▶ COLLECTED DATA:
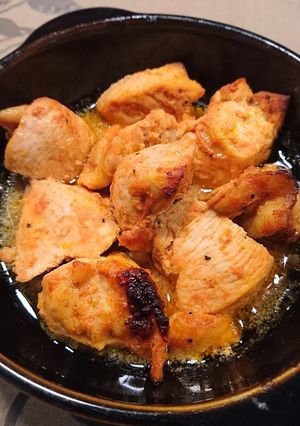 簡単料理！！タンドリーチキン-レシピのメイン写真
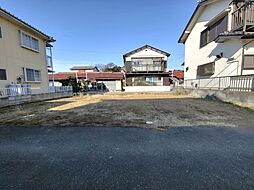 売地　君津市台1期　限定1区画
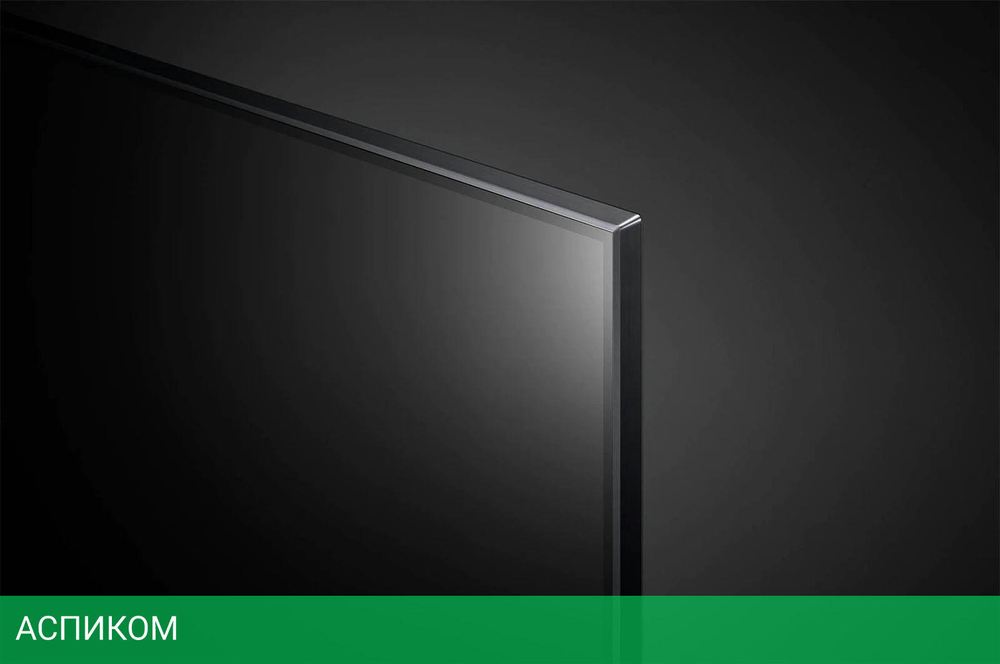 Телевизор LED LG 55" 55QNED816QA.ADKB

▶ REQUIREMENT:
Please repeat the data above exactly as it appears, pictures excluded.

▶ TASK RESULT:
 簡単料理！！タンドリーチキン-レシピのメイン写真
 売地　君津市台1期　限定1区画
 Телевизор LED LG 55" 55QNED816QA.ADKB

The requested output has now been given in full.